To wit, Carr showed a picture of one of Google’s multiple cooling facilities, which draws cold water from the Columbia River in The Dalles, Ore., to cool a server farm the size of a football field packed with “at least tens if not hundreds of thousands of server computers.”
“We don’t know because Google is, probably for good reason, quite quiet about what actually goes on in these great data centers,” Carr said, before adding as a joke, “probably animal sacrifices.” Meanwhile, Microsoft, IBM, Amazon and Salesforce.com are making similar data center investments to support cloud computing.
Are We 50 Years Too Late?
Why is this happening now, considering that IBM leveraged its first mainframes as utility computers back in the 1960s?
Carr said the explosion in new power-hungry applications and the power to enable them via virtualization, or running multiple operating systems on a single physical machine, underpin the build out of utility computing systems.
For example, in addition to leveraging Linux to power its servers, Google uses the open-source XEN software to virtualize its MapReduce and File System infrastructure.
Moreover, Carr said the network computing effect, which Google’s Eric Schmidt forecast as far back as 1993 when he was CTO at Sun Microsystems, is such that the capacity of the network is catching up to the power of the computer.
These means IT managers can deploy computing power, data storage or applications from one location (data center) over a grid to thousands or millions of people. Quoting Sun’s slogan, Carr said, “The network is the computer.”

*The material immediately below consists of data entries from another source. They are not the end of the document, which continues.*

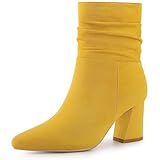 Allegra K Women's Pointy Toe Slouches Zipper Chunky Heel Yellow Ankle Boots 8 M US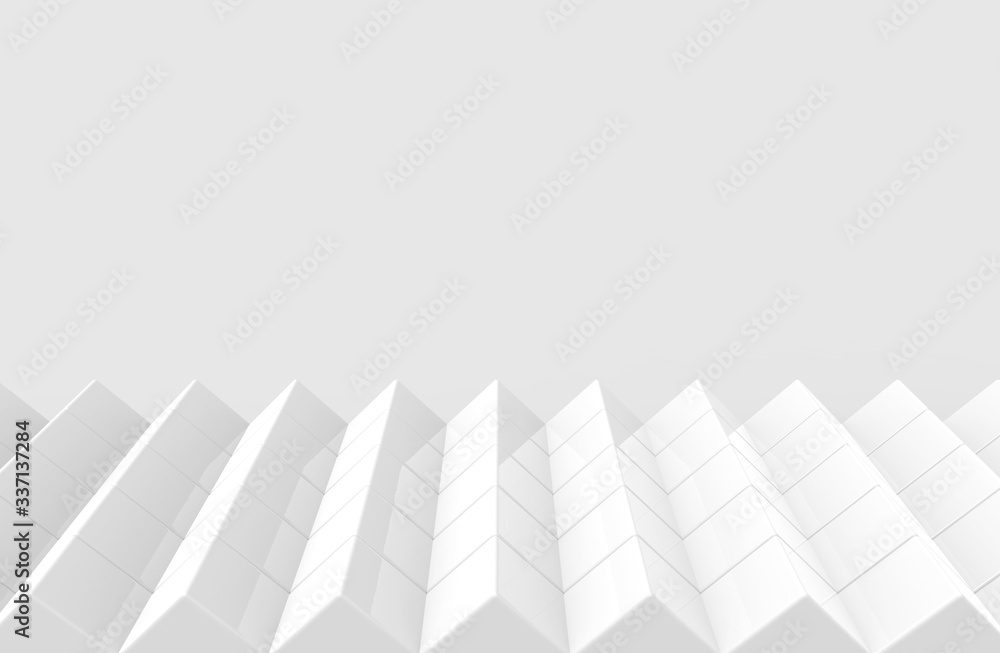 Poster 3d rendering. abstract modern art pattern white cube boxes stack wall background.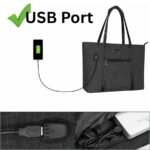 Sac Tote Bag Noir avec Port USB pour ordinateur portable 15, 16, 17 pouces
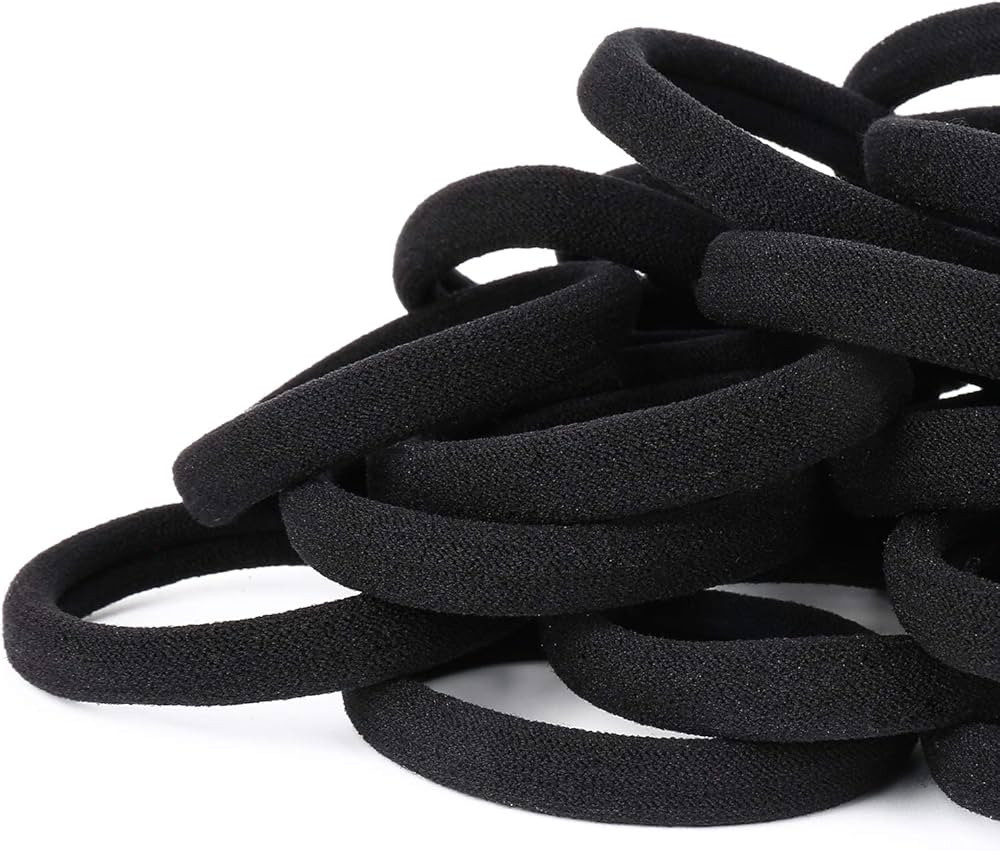 50PCS Black Hair Ties for Women, Cotton Seamless Hair Bands, Elastic Ponytail Holders, No Damage ... | Amazon (US)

This evolution to a personalized grid in the Web 2.0 has spawned numerous opportunities for application vendors such as Salesforce.com, SAAS collaboration provider Workday, as well as Amazon and 3Tera, which are providing computing and storage services to customers over the Web for a monthly fee.
HP announced its own cloud effort March 17, he added.
So, what is the comparison between the electrical grid and the computer grid as we know them today? Carr said the comparisons exist in the economic model; both are general purpose technologies with unlimited options for innovation and application.
These network or grid-driven technologies scale tremendously, driving down costs. Electricity has come down dramatically; computers system costs will, too, he said.